Segment Open
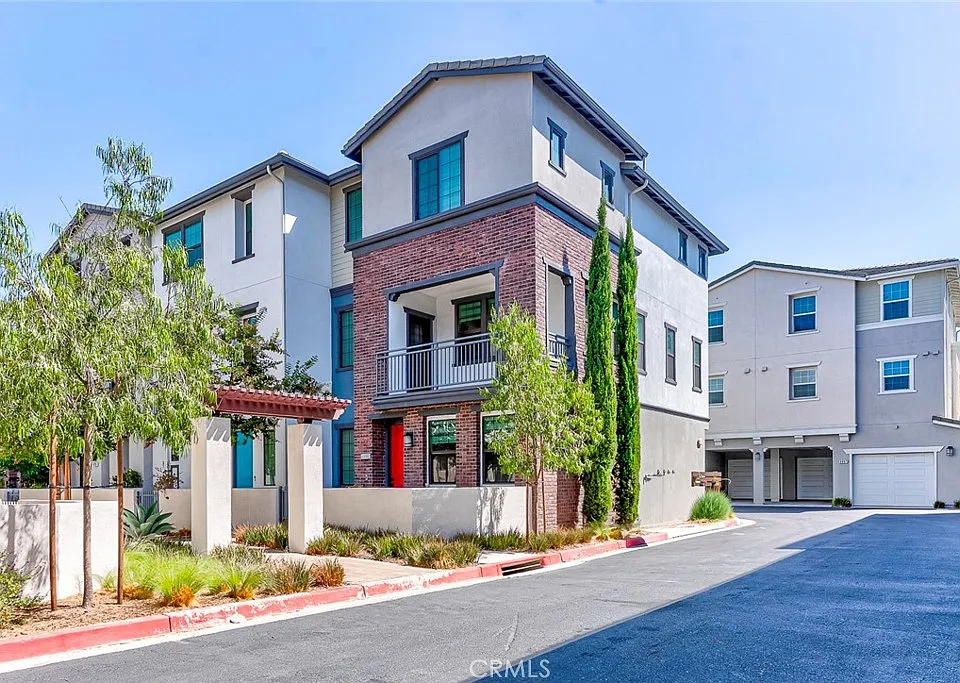 6996 Cottonwood Ln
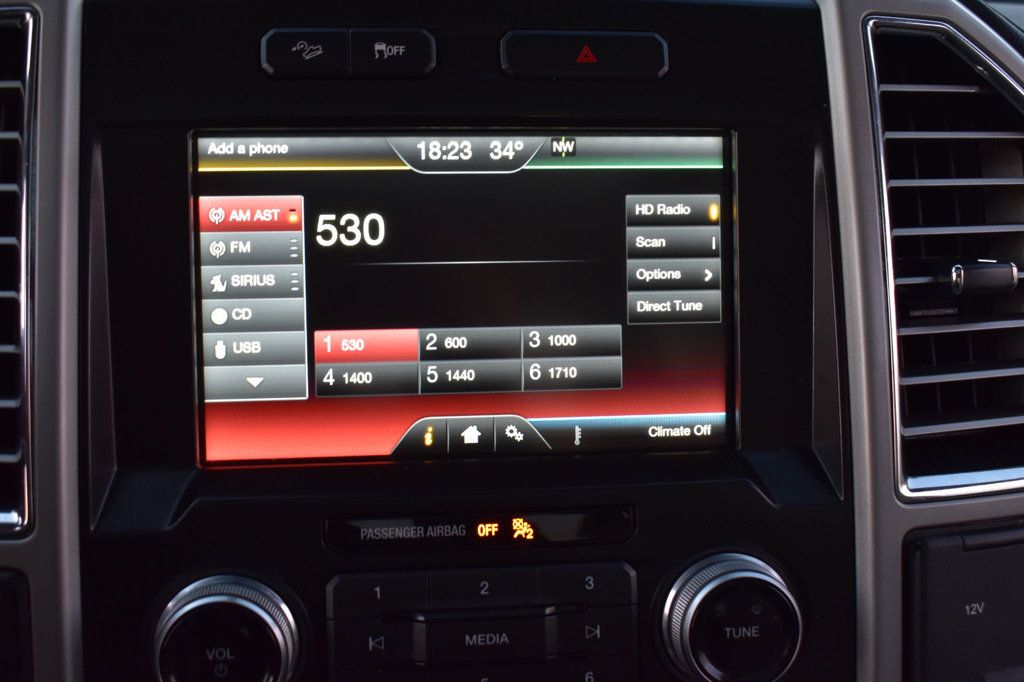 2015 Ford F-150 4WD SuperCrew 145" Lariat - 22975629 - 37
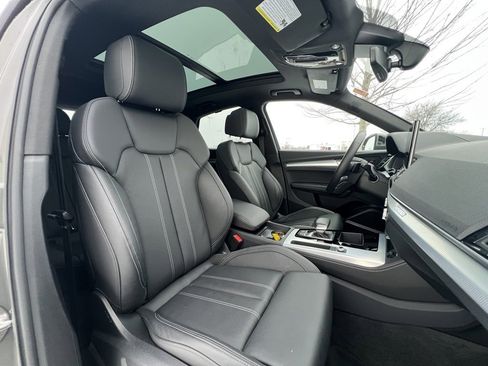 Certified 2025 Audi Q5 Prestige w/ Prestige Package image 36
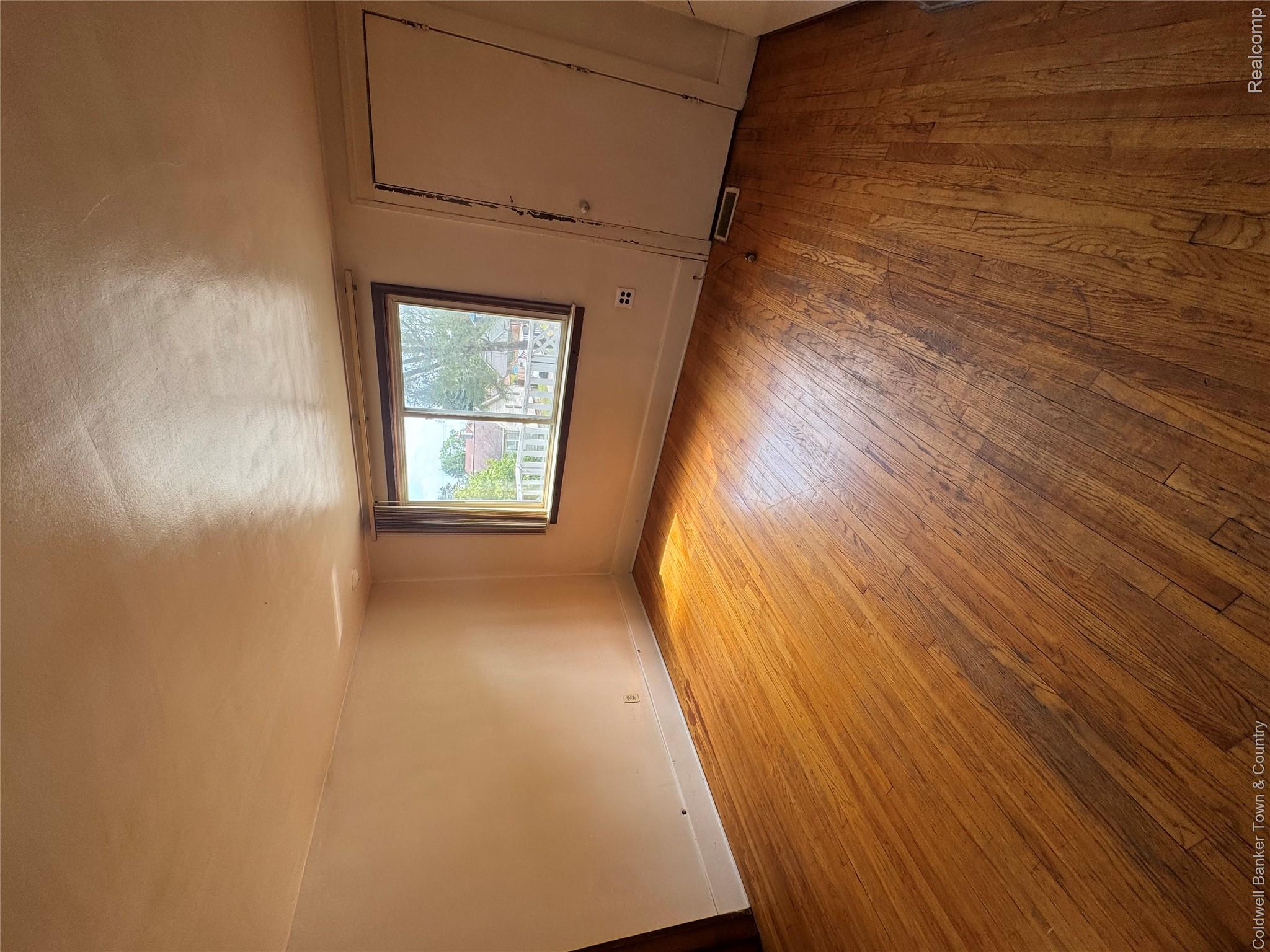 18647 Robert Street Property Photo 15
Segment Closed
## Requirement
The line containing "2015 Ford F-150" and every line after it, through the end of the material above, are to be printed exactly; no pictures belong in the output.

## Task output
 2015 Ford F-150 4WD SuperCrew 145" Lariat - 22975629 - 37
 Certified 2025 Audi Q5 Prestige w/ Prestige Package image 36
 18647 Robert Street Property Photo 15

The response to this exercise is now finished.